Some attempt of generating the traffic and analysis. 1-4
No attempt of generating traffic. 0
Level 3: Network attack(s) (25 marks)
Rubrics Marks
Excellent description or demonstration of multiple network attacks executed in 
the network. Excellent analysis on how network attacks impact the network via 
traffic analysis and network performance analysis compared with level 2. 
Screenshots of network attacks and analysis are included in report or 
demonstrated in video submission.
18-25
Good description or demonstration of one or multiple network attacks executed 
in the network.

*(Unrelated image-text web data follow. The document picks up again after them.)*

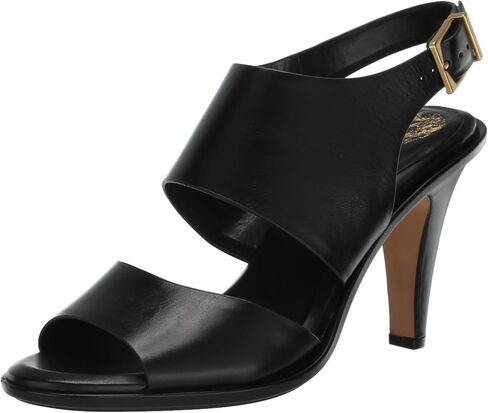 Vince Camuto Women's Frinna Heeled Sandal in Saudi Arabia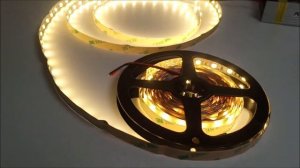 Светодиодная лента ICLED. Артикул 28370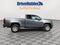 2022 Chevrolet Colorado 2WD LT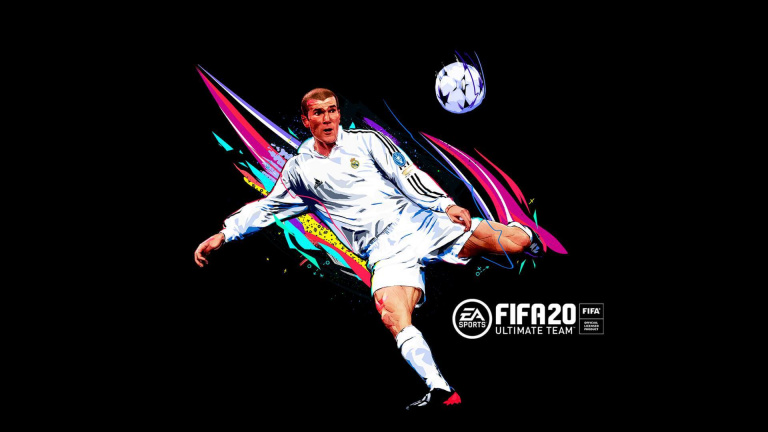 FIFA 20 : objectifs saisonniers, icônes... les nouveautés du mode FUT se précisent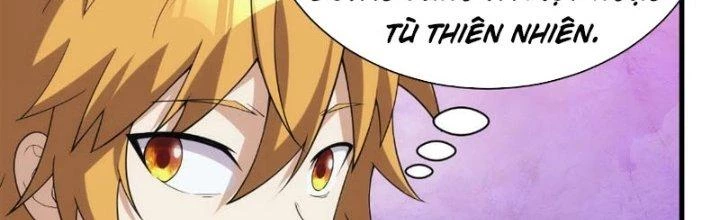 Đạo Sĩ Ma Pháp Dị Thế Giới Chapter 30 - 81
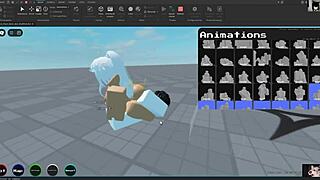 showcasing the rocat modification with a tutorial, dm me on discord if you're interested in buying for robux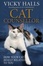 Cover of Cat Counsellor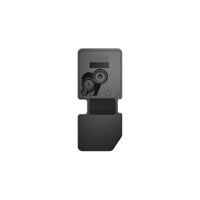 TK-5434K TONER KIT - BLACK LOW YIELD 1250 PAGE YIELD FOR MA2100 PA2100
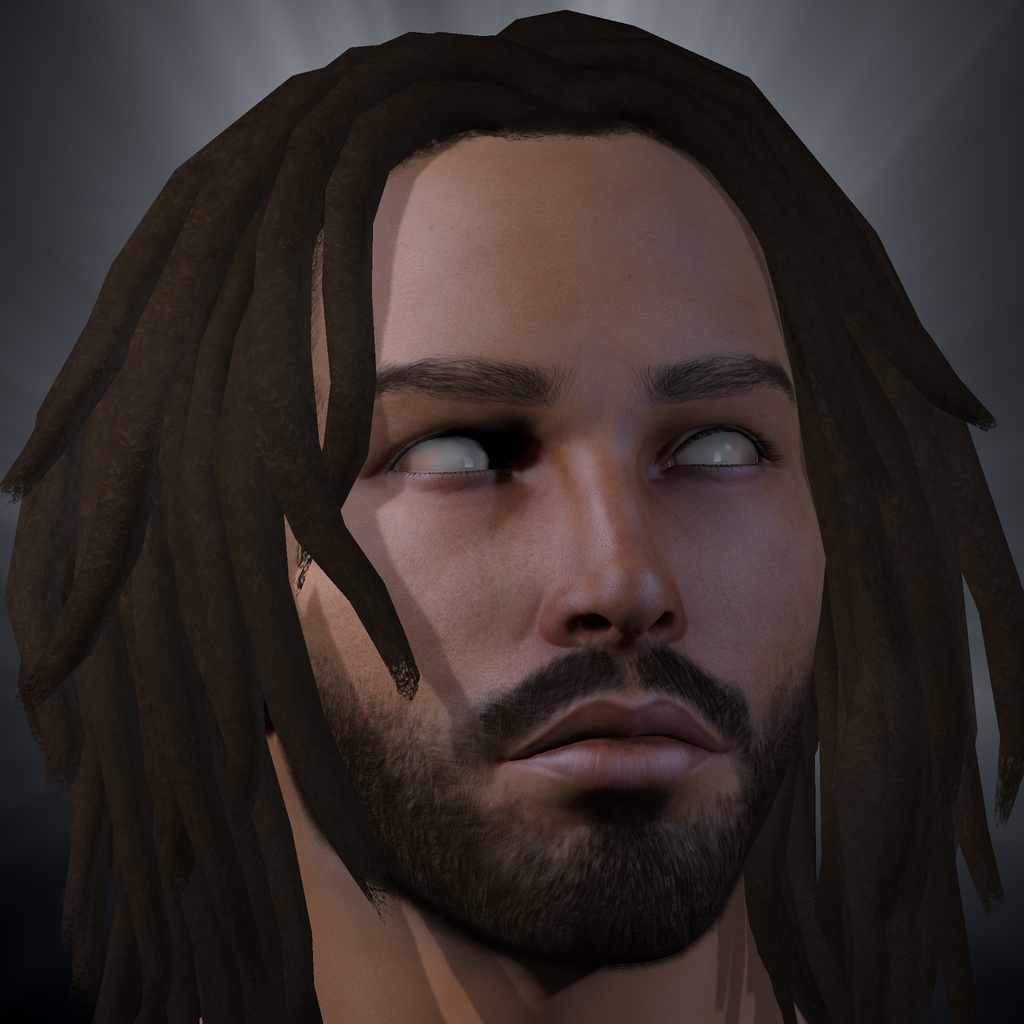 Jack Aesir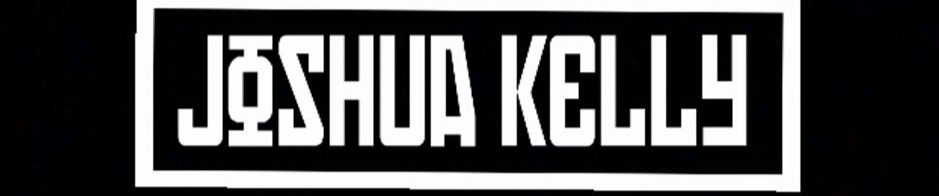 SoundCloud banner for @jtk
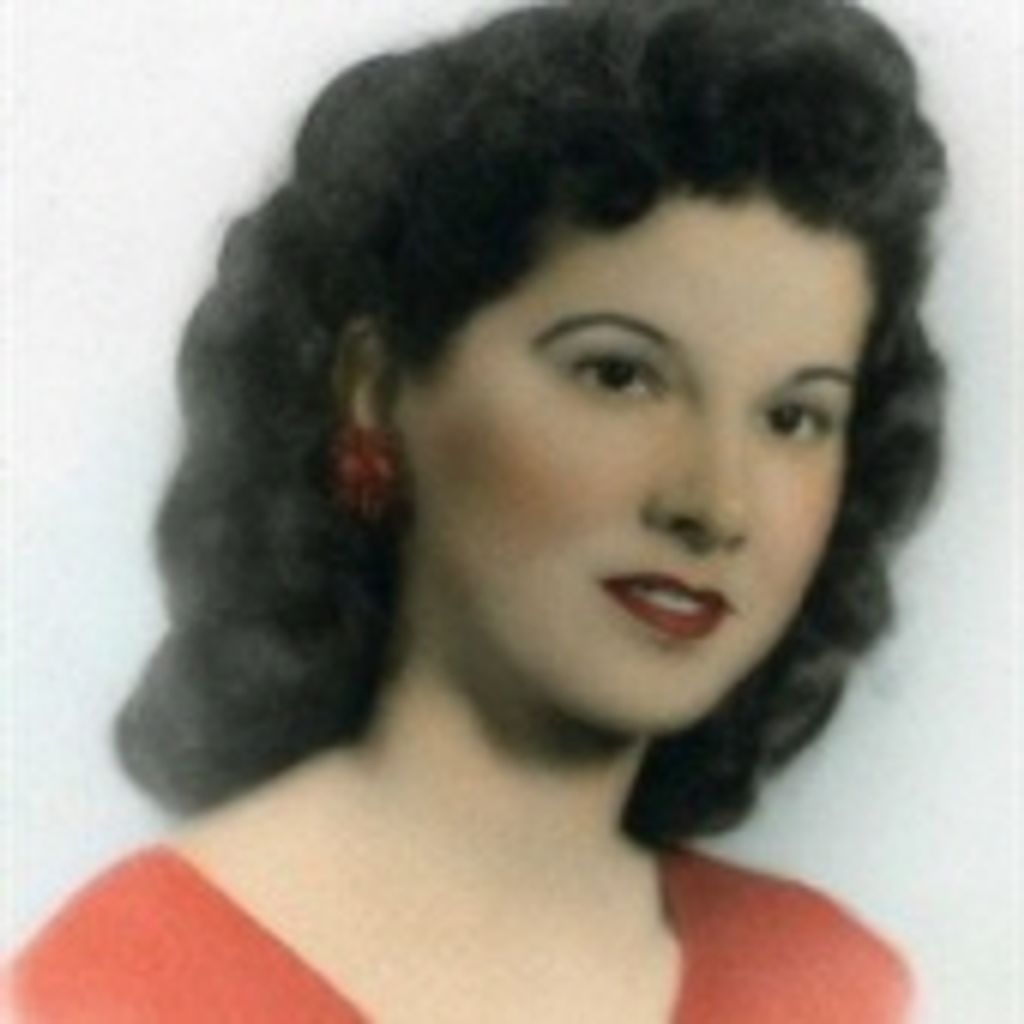 Rosella June Ramoz Profile Photo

Good analysis on how network attacks impact the network via 
traffic analysis and network performance analysis compared with level 2. 
Screenshots of network attacks and analysis are included in report or 
demonstrated in video submission.
12-17
Some attack(s) generated on the network but may not be completed. Some 
analysis on how network attacks impact the network via traffic analysis and 
network performance analysis but not well explained. 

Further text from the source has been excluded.